▶ _Instructions to follow_
Go through the listing below and output exactly the line with "Midwest Handguard HK", the line with "Vcpkg Asset Caching: Solving", and each line between; omit the rest.

▶ _Entries shown_
━━━

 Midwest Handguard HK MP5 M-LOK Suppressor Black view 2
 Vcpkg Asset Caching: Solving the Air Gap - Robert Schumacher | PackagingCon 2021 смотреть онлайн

━━━

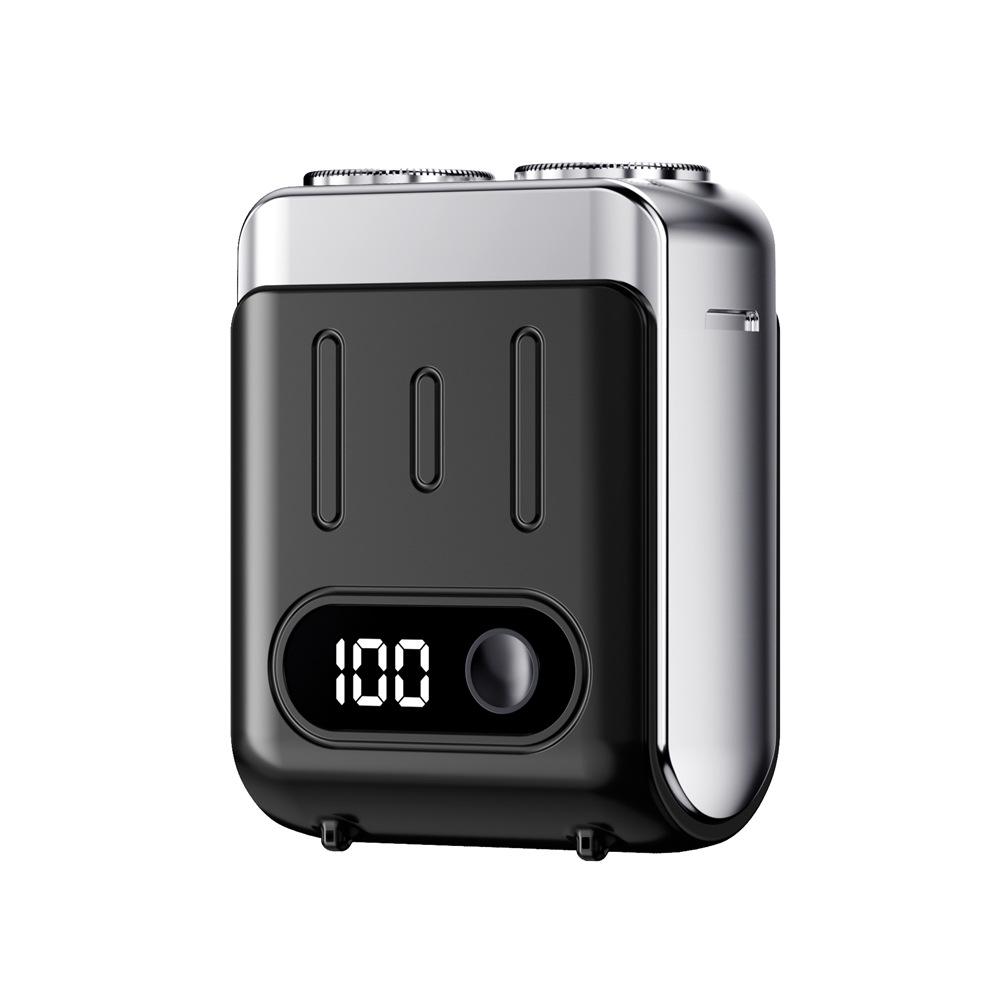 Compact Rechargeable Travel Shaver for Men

━━━

▶ _Reply to the exercise_
 Midwest Handguard HK MP5 M-LOK Suppressor Black view 2
 Vcpkg Asset Caching: Solving the Air Gap - Robert Schumacher | PackagingCon 2021 смотреть онлайн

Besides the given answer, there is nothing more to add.